In early June, RFE/RL’s Kyrgyz service reported that at least three Russian anti-war activists had been arrested in Bishkek in the space of 10 days. Two of the activists, Alyona Krylova and Lev Skoryakin, received jail time. The third, Alexey Rozhkov, was deported to Russia, where he faces felony charges for setting fire to a military enlistment office to protest the war against Ukraine.


‘A model of authoritarian stability’ Researcher Temur Umarov on Bishkek’s decision to strengthen ties with Russia amid its invasion of Ukraine


‘A model of authoritarian stability’ Researcher Temur Umarov on Bishkek’s decision to strengthen ties with Russia amid its invasion of Ukraine

The bridge of memory

On the margins of the state, Russia’s image is being deconstructed nonetheless. Experts say that decolonial studies are on the rise in Kyrgyzstan. “The return to memory is intimately linked to the process of decolonization, through which we intend to question universal knowledge and apprehend our history, culture, and language,” Kyrgyz historian Elmira Nogoibaeva said at the opening of On the Bridge of Memory, an international history conference held in Bishkek in March.

Nogoibaeva heads the research organization Esimde (“I remember,” in Kyrgyz), which organized the conference. Over the course of three days, researchers, historians, activists, and artists discussed the place of memory in former Russian colonies. “Our history is still very Moscow-centered,” Nogoibaeva explains. “That’s why we need to return to memory, in order just to know better who we are.”

These reflections aren’t just occurring at the academic level. Esimde seems to embody a recent surge of popular interest in looking to the past to understand the roots of modern-day Kyrgyzstani identity.

The organization’s initiatives mix historical research and activism, and it regularly organizes events — in the Kyrgyz language, of course.

An exhibit from the Ata-Beyit Memorial Complex’s museum. 2021.
Nezir Aliyev / Anadolu Agency / ABACAPRESS / ddp images / Vida Press

One of its biggest projects has been to build an open archive of people who were persecuted during the Soviet era. Nogoibaeva says she has observed an increase in interest in this data collection since Russia’s 2022 invasion of Ukraine. “People come to us and consult archival documents now. Many of them also find their ancestors in the dozens of volumes published by Bolot Abdrakhmanov,” she says.

According to Doolotkeldieva, it’s undeniable that Russia’s aggression against Ukraine was a “weakening event” for a certain part of Kyrgyz society. “The horrors committed in Bucha have made many people aware of what the Russian army can do to those who do not consent to the Russian imperial narrative,” she says. 

Kyrgyzstan saw a massive influx of Russian draft dodgers after Vladimir Putin announced a mobilization drive in September 2022. Although they were mostly welcomed in Kyrgyzstan, some of these so-called relokanty (“relocaters”) have been strongly criticized on social networks for their condescending attitude towards Kyrgyz people and complaints about the infrastructure and services available to them in Bishkek. 
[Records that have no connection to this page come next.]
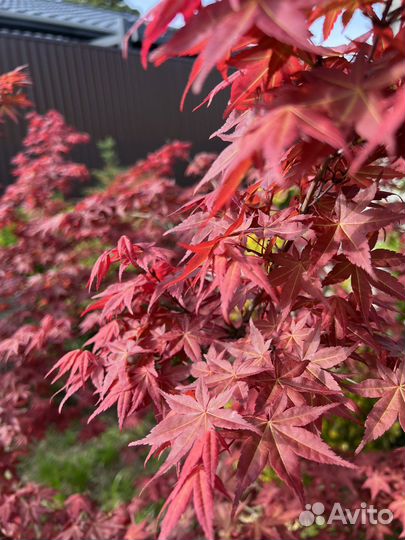 Японский клен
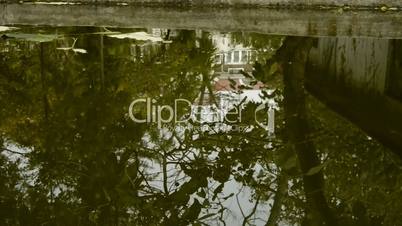 Leaves floating on the water,Trees and house reflected in pool,rippled,like a mirror.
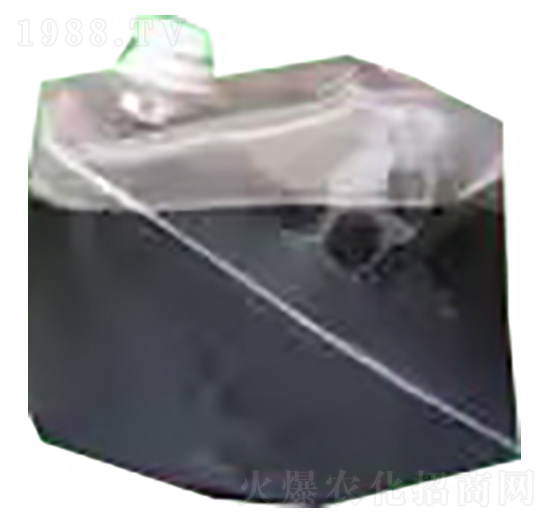 ����-�ѹ�Ӣ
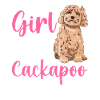 Cockapoo Dog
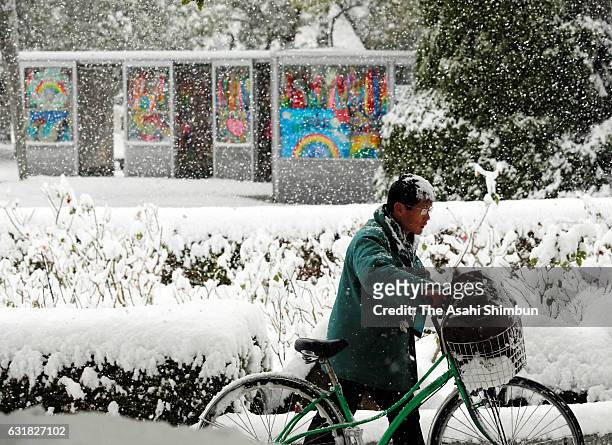 Man pushes his bicycle as snow falls in wider area on January 15, 2017 in Hiroshima, Japan. The Meteorological Agency is warning many parts of Japan,...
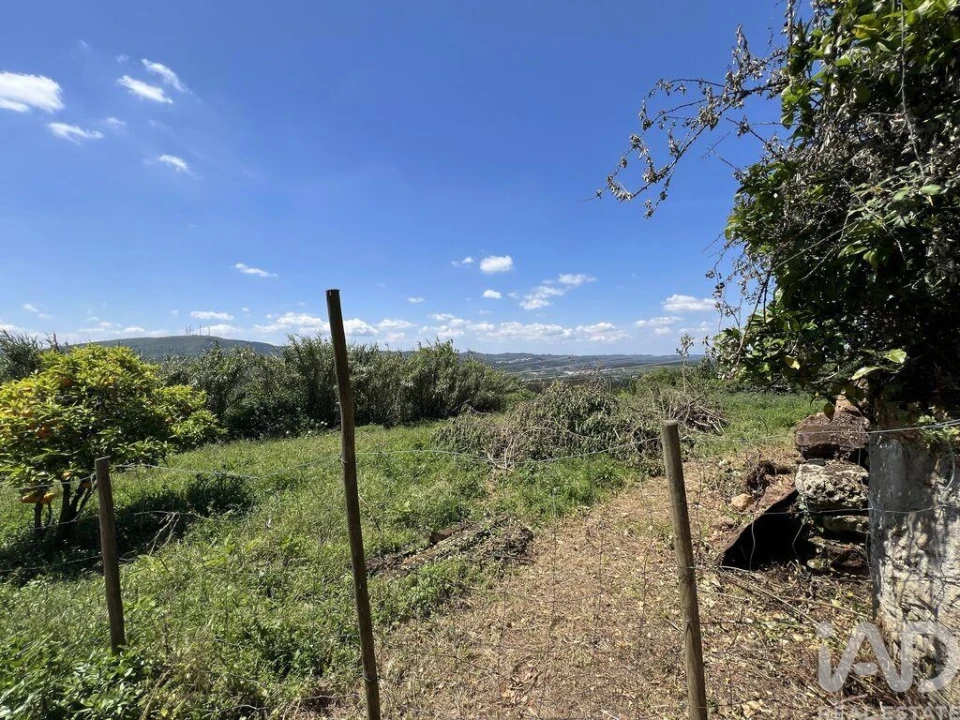 Moradia para Venda em São Miguel, Santa Eufémia e Rabaçal Foto 18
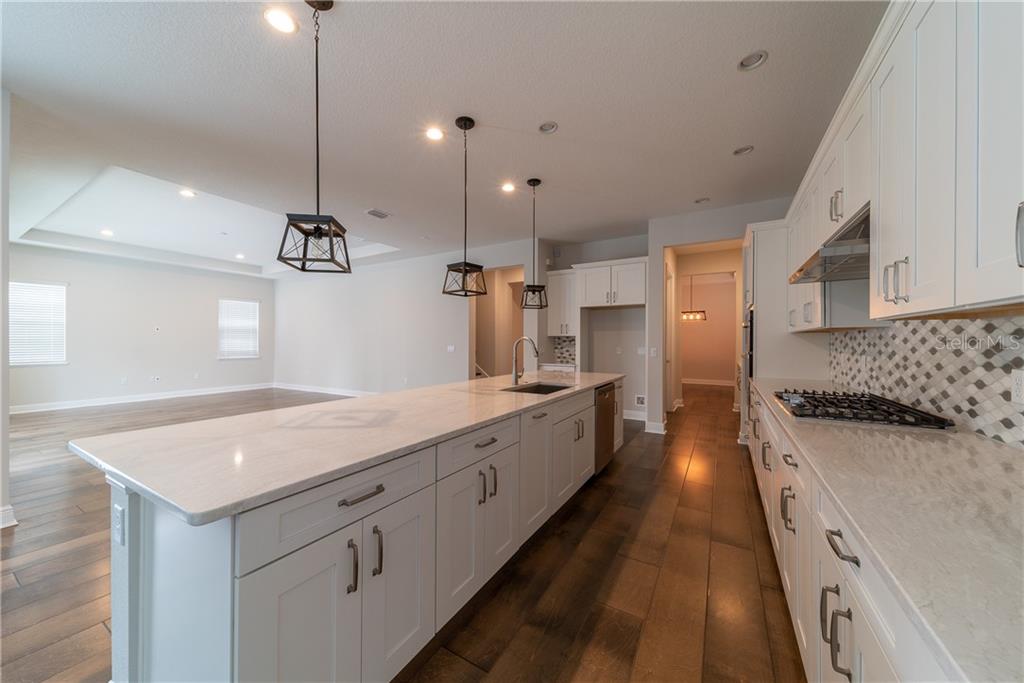 New Home For Sale at Lakeshore Preserve - Winter Garden $760,000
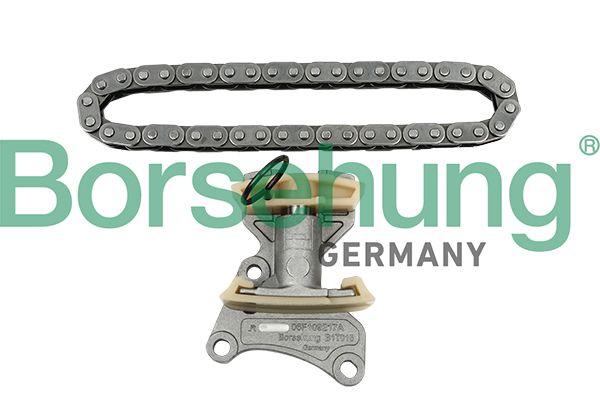BORSEHUNG B18847 Timing chain kit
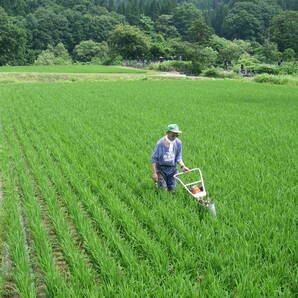 月山の麓で栽培した特別栽培米（令和５年産精米コシヒカリ２０ｋｇ）の画像5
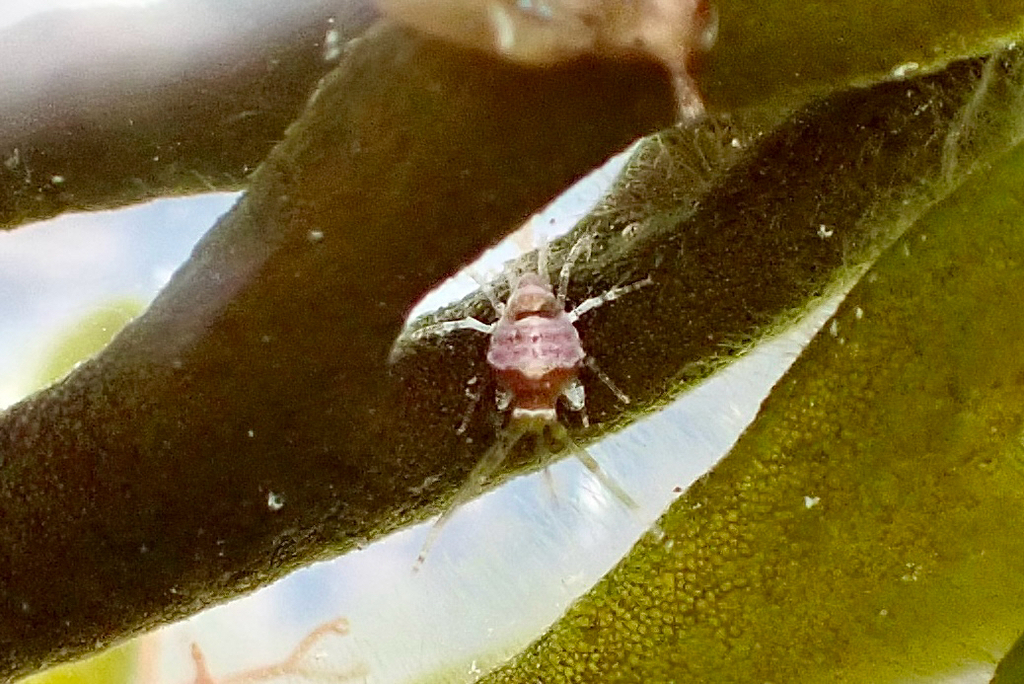 Podocerus variegatus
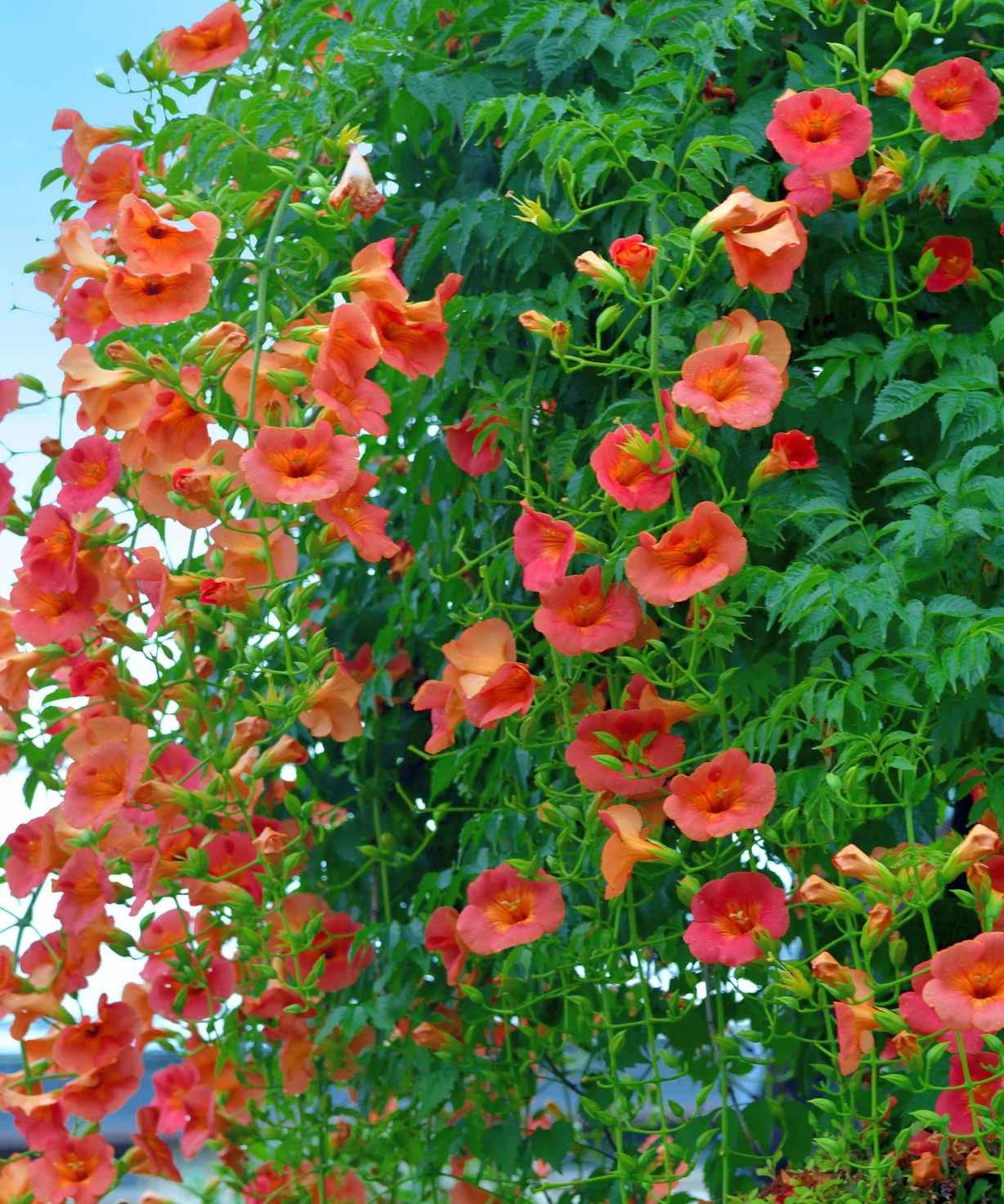 Orange trumpet flowers in bloom on a flourishing trumpet vine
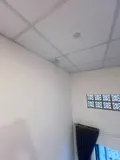 Cho Thuê Căn Hộ 1 Ngủ Tứ Liên, Tây Hồ - Giá 4tr/Tháng - Ảnh 5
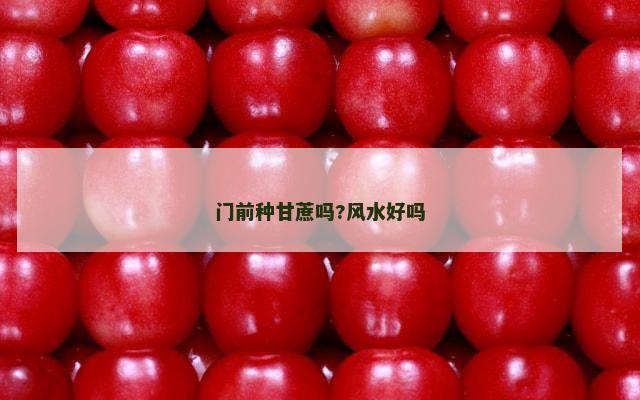 门前种甘蔗吗?风水好吗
For some, this neo-colonial attitude brings back memories of past sufferings. “I really see that ordinary families are starting to talk about how they were considered and treated as secondary citizens during the Soviet [period], how their parents were repressed at work or within the ethnic communities,” explains Doolotkeldieva.  

A relief sculpture from the Ata-Beyit Memorial Complex
Nezir Aliyev / Anadolu Agency / ABACAPRESS / ddp images / Vida Press

At the same time, Nogoibaeva admits that decolonization remains a sensitive topic in Kyrgyzstan. There are still few researchers specializing in the subject. In March, a student at the American University of Central Asia in Bishkek said that faculty criticized and pressured her to change her thesis topic after she chose to research “decolonial discourse in Kyrgyzstan.” 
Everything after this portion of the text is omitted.